The coefficient of variation (CV) is an indicator of the degree of dispersion of the variables. The reproducibility of the data is considered good if the CV is <10%, good if 10%–20%, moderate if 20%–30%, and poor if ≥ 30% (Rosner, 2015; Araújo et al., 2020). From Fig. 8a, the mean pore numbers of TC, YJJ, HQ, DD, MZX, SS, LYW, and WSM were 2068, 1491, 1355, 1246, 1179, 1094, 862, and 771, respectively, with significant differences (P < 0.05). As shown in Fig. 8b, the within-group CVs (n = 5) for TC, YJJ, HQ, DD, MZX, SS, LYW, and WSM were 4.34%, 2.24%, 3.15%, 3.72%, 3.44%, 7.09%, 4.26%, 3.93%, and the CVs between groups (n = 50) were 6.68%, 4.31%, 4.63%, 5.84%, 4.95%, 8.04%, 6.58%, and 7.70%, respectively. The results showed that the CVs within all groups of pork floss were less than 10%, indicating that the pores number of the eight selected brands of commercially available pork floss were evenly distributed. In addition, the intra-group CV of the pore number of the eight brands of commercially available pork floss was generally lower than the inter-group CV, indicating that the pore number of pork floss in the different groups had some variation in the data, but the variation in the pore number was in a small range.

Fig. 8.

Fig. 8

Pore number of eight brands of pork floss, (a) distribution of pore number of pork floss; (b) coefficient of variation of pore number of eight brands of pork floss, CV1 represents intra-group coefficient of variation, CV2 represents inter-group coefficient of variation. Data are expressed as mean ± standard error. Statistical differences between sample groups were shown with different letters (a–h) (P < 0.05) according to LSD test.

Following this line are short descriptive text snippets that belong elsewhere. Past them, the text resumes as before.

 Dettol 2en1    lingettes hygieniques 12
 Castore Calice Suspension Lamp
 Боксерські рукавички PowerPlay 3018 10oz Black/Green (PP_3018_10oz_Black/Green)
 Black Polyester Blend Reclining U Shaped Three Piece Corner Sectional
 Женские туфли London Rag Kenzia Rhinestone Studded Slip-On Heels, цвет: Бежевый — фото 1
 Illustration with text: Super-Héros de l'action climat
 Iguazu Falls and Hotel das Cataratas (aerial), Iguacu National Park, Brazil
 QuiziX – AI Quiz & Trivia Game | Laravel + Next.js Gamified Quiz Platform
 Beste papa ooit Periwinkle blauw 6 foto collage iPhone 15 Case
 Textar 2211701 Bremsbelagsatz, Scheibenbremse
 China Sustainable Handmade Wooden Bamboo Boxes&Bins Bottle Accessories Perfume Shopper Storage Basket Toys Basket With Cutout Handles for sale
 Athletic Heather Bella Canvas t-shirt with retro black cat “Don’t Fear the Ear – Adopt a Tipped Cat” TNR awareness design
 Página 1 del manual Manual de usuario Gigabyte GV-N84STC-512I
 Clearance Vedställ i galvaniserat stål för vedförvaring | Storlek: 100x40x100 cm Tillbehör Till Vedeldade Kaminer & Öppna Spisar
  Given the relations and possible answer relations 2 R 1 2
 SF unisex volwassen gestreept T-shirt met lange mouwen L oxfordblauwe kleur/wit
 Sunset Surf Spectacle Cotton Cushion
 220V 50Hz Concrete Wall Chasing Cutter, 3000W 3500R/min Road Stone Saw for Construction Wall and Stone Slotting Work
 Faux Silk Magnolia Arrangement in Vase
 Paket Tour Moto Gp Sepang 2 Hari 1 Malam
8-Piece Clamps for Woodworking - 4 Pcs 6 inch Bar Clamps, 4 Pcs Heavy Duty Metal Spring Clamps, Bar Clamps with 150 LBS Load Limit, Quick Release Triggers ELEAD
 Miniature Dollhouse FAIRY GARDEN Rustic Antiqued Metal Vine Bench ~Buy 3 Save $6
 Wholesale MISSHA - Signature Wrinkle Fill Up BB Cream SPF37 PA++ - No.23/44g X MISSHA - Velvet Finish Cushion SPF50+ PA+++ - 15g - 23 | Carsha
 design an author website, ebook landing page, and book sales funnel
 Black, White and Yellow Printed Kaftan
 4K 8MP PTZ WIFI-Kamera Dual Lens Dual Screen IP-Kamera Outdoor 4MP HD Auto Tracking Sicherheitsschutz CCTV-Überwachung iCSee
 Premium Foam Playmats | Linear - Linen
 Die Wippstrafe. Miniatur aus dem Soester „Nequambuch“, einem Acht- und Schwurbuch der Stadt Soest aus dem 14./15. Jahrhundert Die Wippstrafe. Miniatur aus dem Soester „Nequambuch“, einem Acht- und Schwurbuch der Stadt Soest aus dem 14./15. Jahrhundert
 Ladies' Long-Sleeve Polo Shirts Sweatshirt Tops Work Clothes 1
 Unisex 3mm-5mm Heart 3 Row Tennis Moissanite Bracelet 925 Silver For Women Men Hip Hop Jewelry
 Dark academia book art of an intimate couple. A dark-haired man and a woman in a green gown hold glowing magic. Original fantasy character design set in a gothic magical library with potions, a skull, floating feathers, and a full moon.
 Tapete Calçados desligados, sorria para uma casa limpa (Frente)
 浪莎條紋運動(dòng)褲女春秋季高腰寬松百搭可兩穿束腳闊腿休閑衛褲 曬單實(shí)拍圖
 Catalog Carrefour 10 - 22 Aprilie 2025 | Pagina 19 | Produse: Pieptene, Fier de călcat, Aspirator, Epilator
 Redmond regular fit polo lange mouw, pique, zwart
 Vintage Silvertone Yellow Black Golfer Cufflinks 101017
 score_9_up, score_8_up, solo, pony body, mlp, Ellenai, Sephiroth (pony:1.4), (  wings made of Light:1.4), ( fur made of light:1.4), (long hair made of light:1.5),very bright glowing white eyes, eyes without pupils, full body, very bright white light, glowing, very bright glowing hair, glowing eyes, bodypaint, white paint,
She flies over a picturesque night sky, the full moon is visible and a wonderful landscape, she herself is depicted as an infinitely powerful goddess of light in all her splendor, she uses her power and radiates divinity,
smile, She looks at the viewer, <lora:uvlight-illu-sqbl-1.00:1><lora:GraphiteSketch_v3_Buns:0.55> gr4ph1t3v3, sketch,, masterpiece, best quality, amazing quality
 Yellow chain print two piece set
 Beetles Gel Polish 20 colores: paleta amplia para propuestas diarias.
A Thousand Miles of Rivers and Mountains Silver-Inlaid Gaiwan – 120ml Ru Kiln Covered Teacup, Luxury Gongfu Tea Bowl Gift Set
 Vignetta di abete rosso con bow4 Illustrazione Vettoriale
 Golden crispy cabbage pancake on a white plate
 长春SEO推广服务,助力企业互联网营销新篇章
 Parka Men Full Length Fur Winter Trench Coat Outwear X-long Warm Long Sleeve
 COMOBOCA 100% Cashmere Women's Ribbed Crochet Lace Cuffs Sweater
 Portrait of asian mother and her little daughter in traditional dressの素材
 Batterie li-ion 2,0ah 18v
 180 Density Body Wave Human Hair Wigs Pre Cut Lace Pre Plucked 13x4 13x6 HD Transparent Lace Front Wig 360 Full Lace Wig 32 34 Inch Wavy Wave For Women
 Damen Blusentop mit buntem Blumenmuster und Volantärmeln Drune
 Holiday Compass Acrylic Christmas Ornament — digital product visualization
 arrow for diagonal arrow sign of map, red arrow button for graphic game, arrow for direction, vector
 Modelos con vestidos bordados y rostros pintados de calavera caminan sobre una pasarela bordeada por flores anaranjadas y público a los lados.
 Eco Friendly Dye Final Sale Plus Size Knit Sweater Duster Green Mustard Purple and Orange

3.6. Average pore area results

As shown in Fig. 9a, the average pore area of TC, YJJ, HQ, DD, MZX, SS, LYW, and WSM was 0.1127, 0.1246, 0.1458, 0.1852, 0.1860, 0.2358, 0.2416, and 0.2663 mm2, respectively. From Fig. 9b, it can be seen that the average pore area of pork floss intra-group and inter-group CV was less than 10%. The intra-group CV was generally less than 5%, indicating that the average pore area of the different parts of the same image had low variability and uniform pore size distribution. Inter-group CV values were all below 10%, suggesting that the pore area between multiple groups of images taken with the same brand of pork floss had some differences within a reproducible range.

Fig. 9.

Fig. 9

Average pore area data for eight commercially available brands of meat floss. (a) average pore area of eight brands of meat floss; (b) coefficient of variation of average pore area in eight brands of meat floss, CV1 represents the intra-group coefficient of variation and CV2 represents the inter-group coefficient of variation. Data are expressed as mean ± standard error. Statistical differences between sample groups were shown with different letters (a–f) (P < 0.05) according to LSD test.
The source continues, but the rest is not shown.